My friend and colleague Richard Miller, CTO of genealogical search engine Mocavo, likes to say, "Fix everything twice." When I first heard him say that, I didn't quite understand what he was getting at. Why not just fix a problem properly the first time so it doesn't come up again? He replied that it's just like carpentry -- measure twice, cut once. Richard was starting to mix metaphors, and he lost me.

What Richard's talking about are DevOps and lean startup principles. Organizations today -- especially startups -- are moving too fast to get everything right all the time. Add to that how quickly technology is shifting, and Richard's "fix twice" adage makes perfect sense, even for enterprises.

DevOps is an extension of Agile that involves the rest of the organization in rapid iterative releases, focused on driving increased customer value. Quicker turns on the product mean bringing new capabilities -- presumably features customers are asking for -- to market faster, fostering a competitive business. DevOps uses a more integrated team environment and automation to deliver on accelerated product releases

One result of iterating often is that organizations don't feel the need to build far beyond their scale, because they know that they can come back in the next sprint and up the ante. Compare that to the old model, where you have only a couple of shots to get things right. You can't really go back and attack shortcomings after the fact. Shorter release cycles mean, in general, that you can adjust quickly.

All that said, when product releases really get rolling, some things are going to break. Fortunately, DevOps is about things breaking. If you've taken time to get everything just perfect, you haven't truly adopted the rapid iteration (or lean product development) ethos.

DevOps means speed, our 2014 survey says.
DevOps means speed, our 2014 survey says.

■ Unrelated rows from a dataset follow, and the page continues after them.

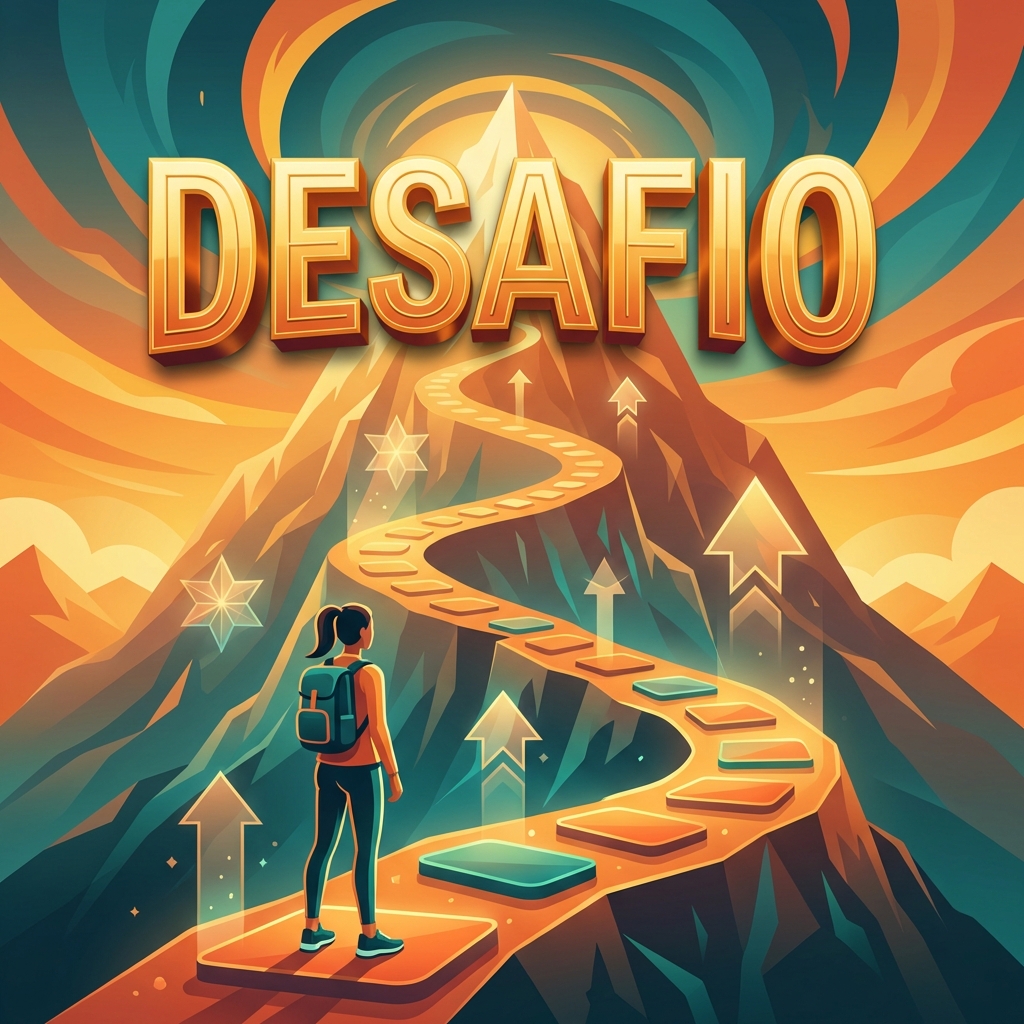 Ilustrație cu cuvântul Desafio și o persoană urcând treptele spre succes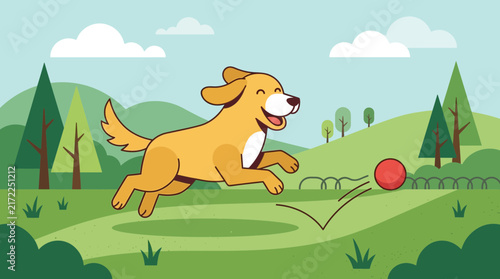 Happy cute dog running playing ball outdoors vector illustration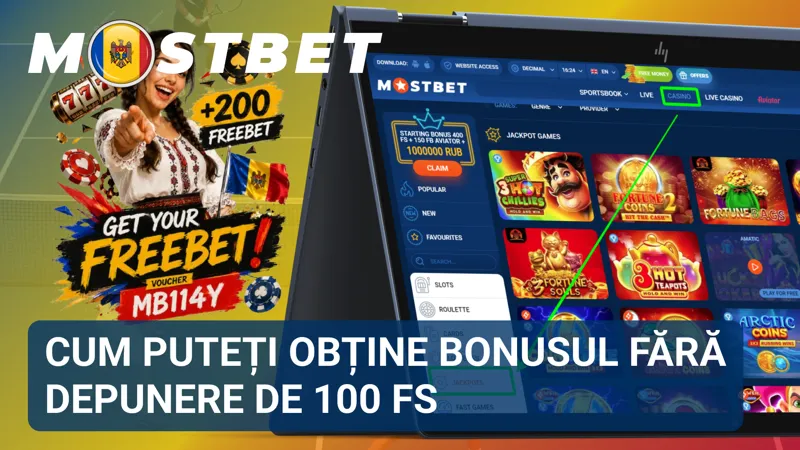 Persoană care completează formularul promoțional pentru activarea bonusului fără depunere de 100 FS.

If your organization can build and release 12 times in a year, will you have a better, more useful product than if you had released only at the end of the year? In almost all cases, yes. The organization that can release more quickly will win. It will be able to adjust based on feedback so that it's building the product that most closely matches what customers are looking for. Additionally, it's going to hear about problems from customers continually versus waiting to find out how the product worked, or didn't.

This is where "fix twice" comes in.

In a DevOps culture, IT teams are moving fast. Solutions to problems need to happen just as quickly. An application or site goes down? Put a Band-Aid on the problem and stitch it up later. That's fix number one -- quick and dirty. The goal is to stabilize the issue with the least amount of effort. The team is generally working under pressure and duress. It's difficult for those involved to think about anything other than getting things operational again.

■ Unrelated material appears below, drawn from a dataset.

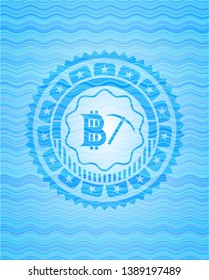 bitcoin mining icon inside water wave concept emblem background.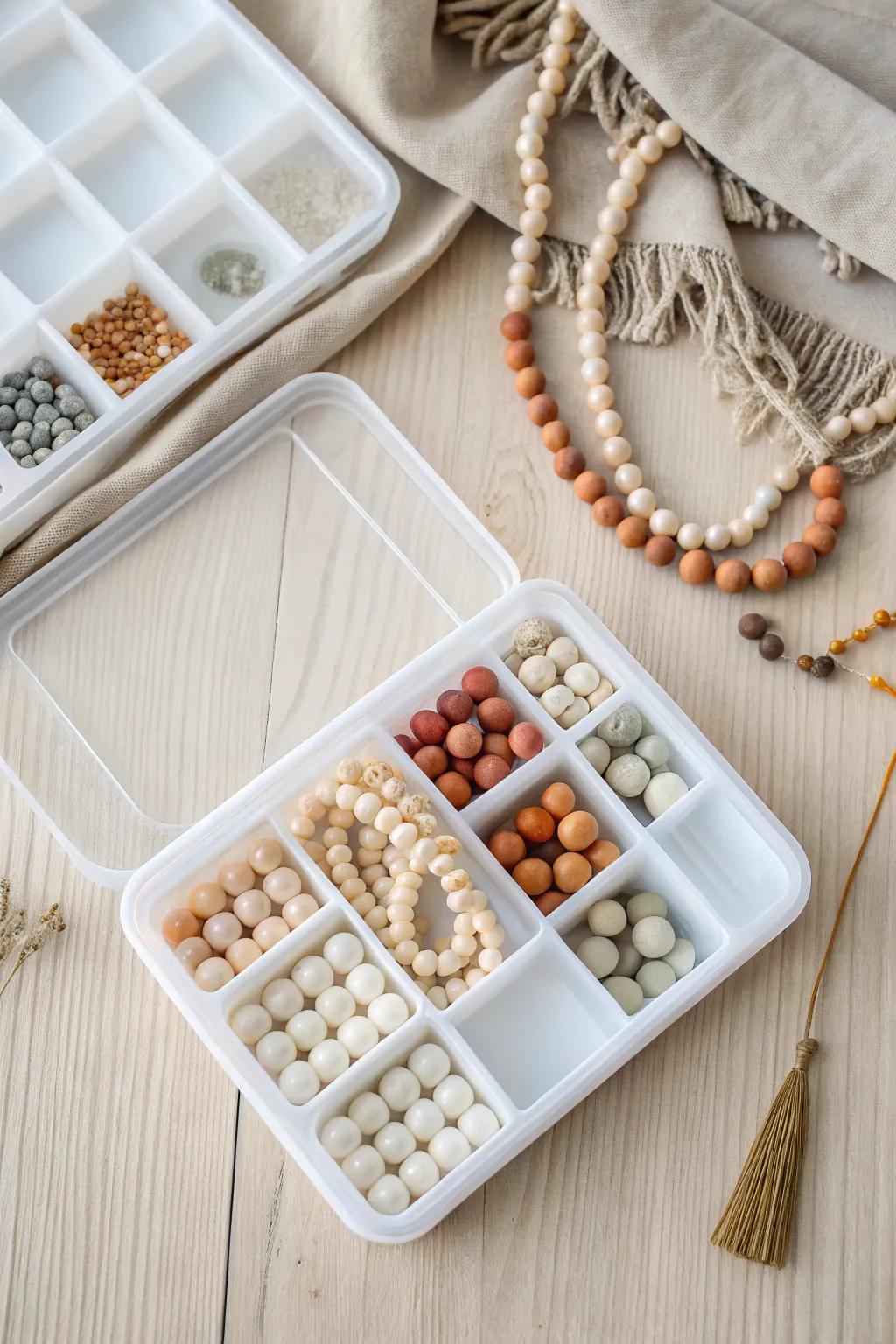 A lidded ice cube tray keeps chunky beads sorted, visible, and spill-free in any drawer.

[If you realize that mobile security means more than ensuring users don't download malware-bearing games from the Android store, take our 2014 survey and enter to win a 32 GB Kindle Fire HDX.]

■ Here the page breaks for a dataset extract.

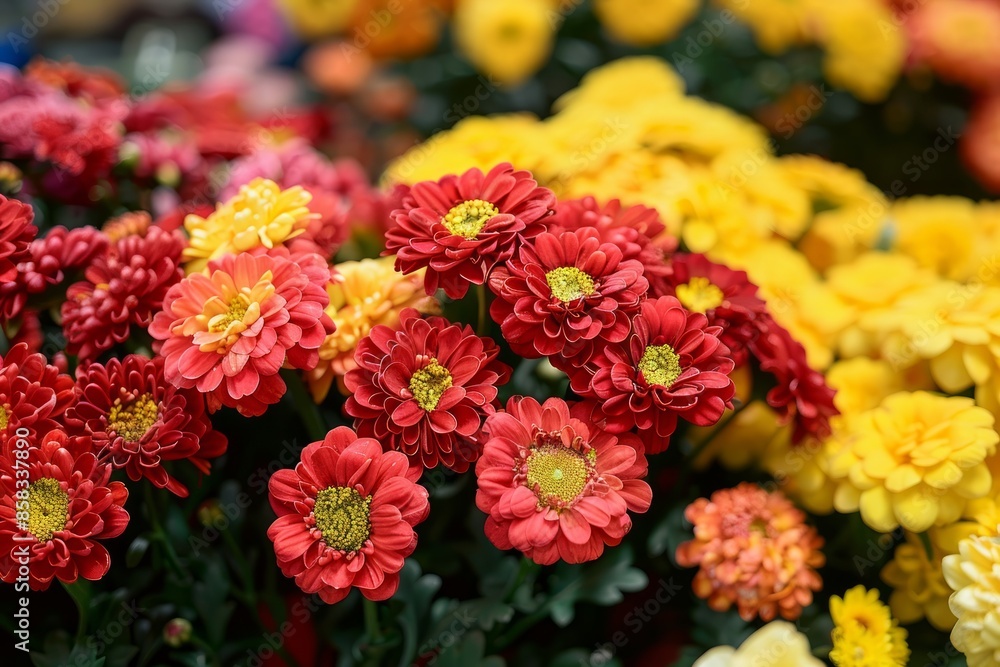 Vibrant Chrysanthemum Blooms in a Garden Vibrant Chrysanthemum Blooms in a Garden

The real magic happens in fix number two. This is where the team goes back, studies the problem, and takes action to fix it permanently -- or as close to permanently as is practical at the time.

A DevOps team under pressure to rectify a major issue doesn't exist in an environment conducive to strategic evaluation and problem solving. By putting a patch on the initial problem, you bought breathing room. Fix two gives the team an opportunity to find the best long-term solution.

People can debate different approaches, spike on the problem, even try a few different tactics before settling in on the right long-term strategy. Ironically, a team that has experienced failure can better evaluate the problem and focus on creating an ideal, longer-term solution than one that is trying to solve a problem in advance.

Perhaps the most significant challenge with this approach is that most organizations don't have the discipline to get to fix number two. Fix number one took the pressure off. As long as the Band-Aid stays stuck, there's little incentive to circle back. With DevOps and IT folks stretched so thin, it's often difficult to pick up our heads and think about longer-term problems.

Unfortunately, with technology, by the second or third time a problem rears its head, the situation is generally pretty dire. It will take a lot more than Band-Aids to keep things together.

The best DevOps organizations don't let the same problems recur. They schedule time during the sprint cycle to permanently address core issues, and as a result have longer-term fixes, which translate into greater stability.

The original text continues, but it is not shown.